Viejo y achacado, en una silla de ruedas para desplazarse, Waldo, el cineasta, los escucha con dosis mezcladas de espanto y fascinación. “La libido, como Elvis y los celos, nunca muere”, sentencia. Y tampoco la imaginación, a la que considera “el lugar más peligroso de la tierra”.
La crítica de Gabriel Caldirola para la Revista Ñ, analiza con razón que, aunque su cuerpo está prácticamente inmovilizado, su mente no deja de visualizar películas que nunca filmará mientras espía a los vecinos.

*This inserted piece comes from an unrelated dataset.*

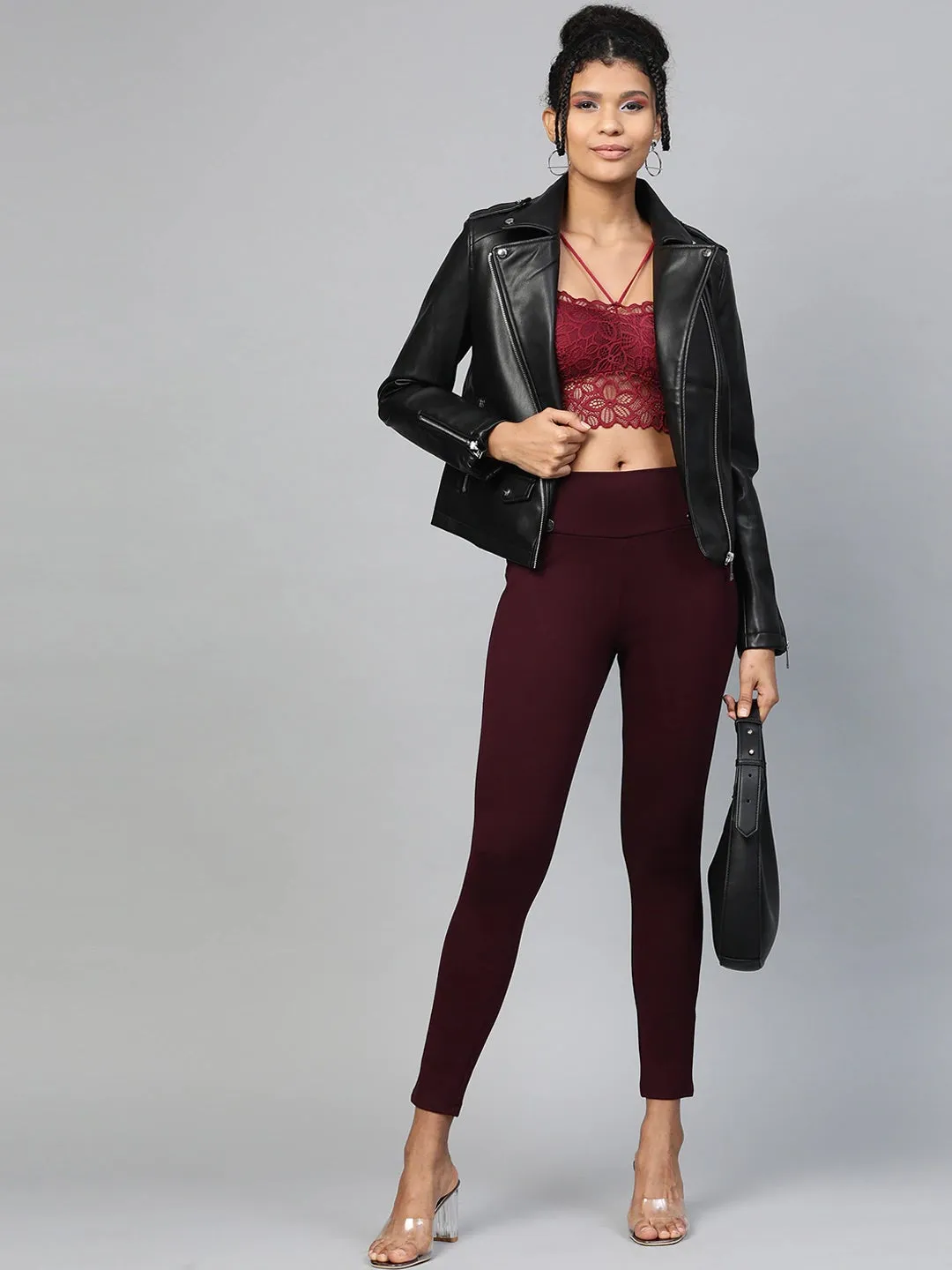 Burgundy Mock Button High Waist Jeggings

La traición, lejos de desanimarlo, lo despabila, le devuelve una vitalidad que creía perdida para siempre y lo coloca en un estado de lucidez creativa, rayana en la paranoia. A medida que pasan los días, Zee, su devota esposa 22 años más joven, de quien depende para realizar las acciones más elementales, como alimentarse, asearse o cambiar de posición, y Eddie, su amigo crítico de cine, adulón y obsecuente, siguen encontrándose a escondidas, cada vez con menor disimulo.
Poco a poco Eddie se va instalando en su casa y lo que parecía un episodio aislado de infidelidad se va convirtiendo en una apropiación silenciosa y constante de sus espacios cotidianos.

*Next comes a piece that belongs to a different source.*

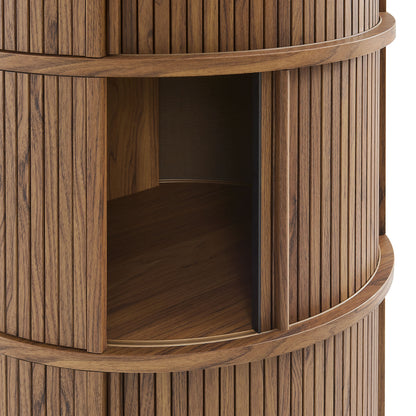 Clement Round Pedestal Stand Storage Table With Sliding Tambour Doors by Furniture For America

Es así que, Waldo se vuelve un voyeur en su propio hogar mientras filma en secreto lo que planea ser su última película, con su esposa y su amigo como protagonistas y el mismo como partícipe necesario, de una pesadilla personal que tiene la forma de una fantasía cautivadora y erotizante.
El relato, para no revelar lo profundo de la trama y sobre todo su inesperado remate, narra más allá de las disquisiciones morales y éticas, que no faltan en el libro. Pero a medida que uno avanza en la lectura es imposible no recordar ese cuento imborrable que es “Casa tomada” de Julio Cortázar.
Con un estilo descarnado, mordaz, y, por momentos, no exento de humor, Waldo se define a sí mismo como “un sensualista con debilidad por el marqués de Sade como guía moral”, y resuelve: “Para adorar al sexo, debes asumir la repulsión”. Atormentado, humillado y al mismo tiempo cautivado, imagina a su esposa y a su amigo, juntos en el living de su casa, visualiza las escenas eróticas con lujo de detalles. Y se vale de una cámara, su mejor arma, para tramar una venganza.
Caldirola nos alerta que se trata de un Kureishi corrosivo, nada idealista con respecto a la ciudad que fue escenario de novelas como El Buda de los suburbios y El álbum negro: ”El nuevo mundo parece banal y agotado. Hay demasiado dinero en Londres. Hemos vivido demasiados años”. Sin duda es una pose intelectual, pero sigue manteniendo sus principales obsesiones en una novela entre paranoica y divertida, con fuertes fantasías eróticas. Pese a su discurso tribunero, se evidencia que Kureishi tiene más creatividad para seguir dando.